→ What is being asked
Return the material unaltered, line by line.

→ Information shown
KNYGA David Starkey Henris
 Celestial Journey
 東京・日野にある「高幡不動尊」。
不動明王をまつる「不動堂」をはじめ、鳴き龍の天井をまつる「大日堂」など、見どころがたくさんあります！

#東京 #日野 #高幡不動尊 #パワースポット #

→ Written solution
KNYGA David Starkey Henris
 Celestial Journey
 東京・日野にある「高幡不動尊」。
不動明王をまつる「不動堂」をはじめ、鳴き龍の天井をまつる「大日堂」など、見どころがたくさんあります！

#東京 #日野 #高幡不動尊 #パワースポット #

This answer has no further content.